Exercise objective: Print exactly the lines of the listing below from the one containing "Groupe Somavrac Employee" through the final line, both included, and no pictures.

*** Data section ***

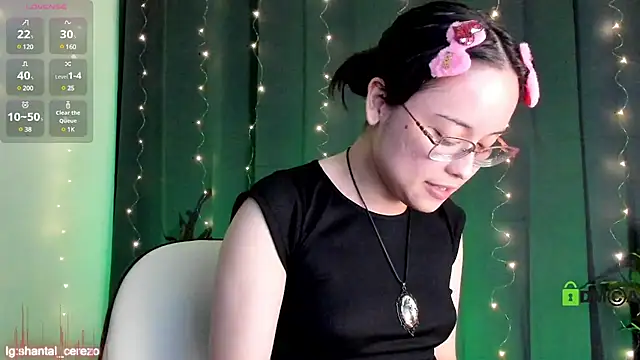 shantalc3rezo online show from 02-22-25, 01:00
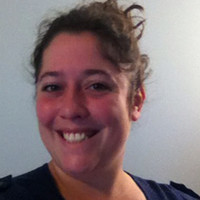 Groupe Somavrac Employee Audrey Grimard's profile photo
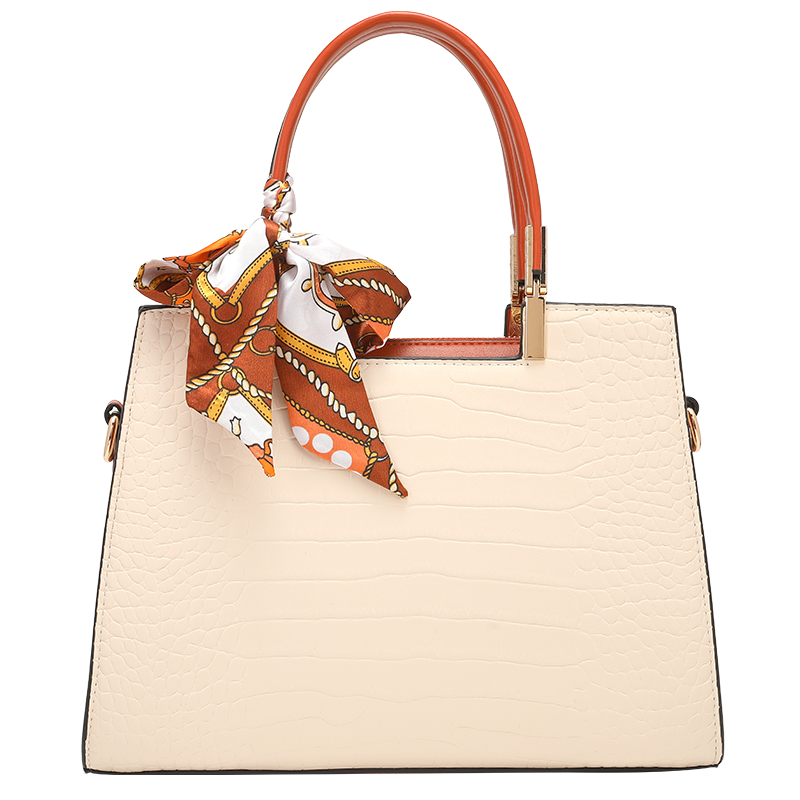New Large Stylish Crossbody Bag With A Spacious Design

*** End of Data section ***

Exercise output:
 Groupe Somavrac Employee Audrey Grimard's profile photo
New Large Stylish Crossbody Bag With A Spacious Design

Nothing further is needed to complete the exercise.